Optimal growth and development occurs when you are outside your comfort zone.
The concept of a comfort zone is a useful one. Your comfort zone encompasses everything you already know, can do readily, people and places you know, and such. When we are within our comfort zone we are, as it goes, comfortable. It is a nice place to be, except when you are trying to develop.
Outside of your comfort zone is everything you do not feel comfortable doing, techniques you do not happily use, aesthetics you do not like, as well everything you do not already know, understand and have integrated into yourself.
If you are interested in growth and development, whether artistically, photographically, in business or in your personal life, you need to step outside of your comfort zone. By stepping outside our comfort zone we expose ourselves to new things, new ideas and new experiences and eventually we make them our own. This expands our comfort zone, which is what growth is about. You have pushed your own boundaries, expanding them in the process.
Now there is an interesting thing about comfort zones. Step too fact outside of it and you risk the ‘Oh my God, I can’t deal with this’ response. How far varies from person to person and time and situation and so you must know yourself. The OMG reaction sets you back, people retreat back into their comfort zone and sometimes don’t step out again for some time.
So what you want to do is get yourself out of your comfort zone as far as you can without provoking the OMG response. After you’ve been out there for a while you will find your zone has expanded and you can push further.

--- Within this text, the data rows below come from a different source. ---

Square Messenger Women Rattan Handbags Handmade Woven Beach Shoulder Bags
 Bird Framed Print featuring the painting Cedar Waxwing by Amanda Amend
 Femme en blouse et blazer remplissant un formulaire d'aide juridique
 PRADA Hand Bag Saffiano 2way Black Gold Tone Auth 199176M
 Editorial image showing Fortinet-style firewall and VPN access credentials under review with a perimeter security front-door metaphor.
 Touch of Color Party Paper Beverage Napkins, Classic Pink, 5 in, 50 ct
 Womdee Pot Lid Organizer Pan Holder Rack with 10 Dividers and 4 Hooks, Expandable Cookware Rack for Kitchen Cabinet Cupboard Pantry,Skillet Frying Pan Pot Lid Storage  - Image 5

Photographically and artistically, our comfort zone includes the tools we regularly use, the techniques we use, the subject matter we like to shoot and the places we shoot. Pushing our envelope can be trying a new lens or filter, a new processing technique, using different software, shooting in a new way, tackling new subject matter (always been scared of shooting people, for example), trying some new ideas on composition or image design, etc.
Note that just because you bring an artistic style or technique within your comfort zone this doesn’t mean that you will necessarily like it or want to use it in your own work. What it means is that the blanket fear and hate of it will tone down and you’ll see it as a valid approach, just perhaps not for you, at least at the present.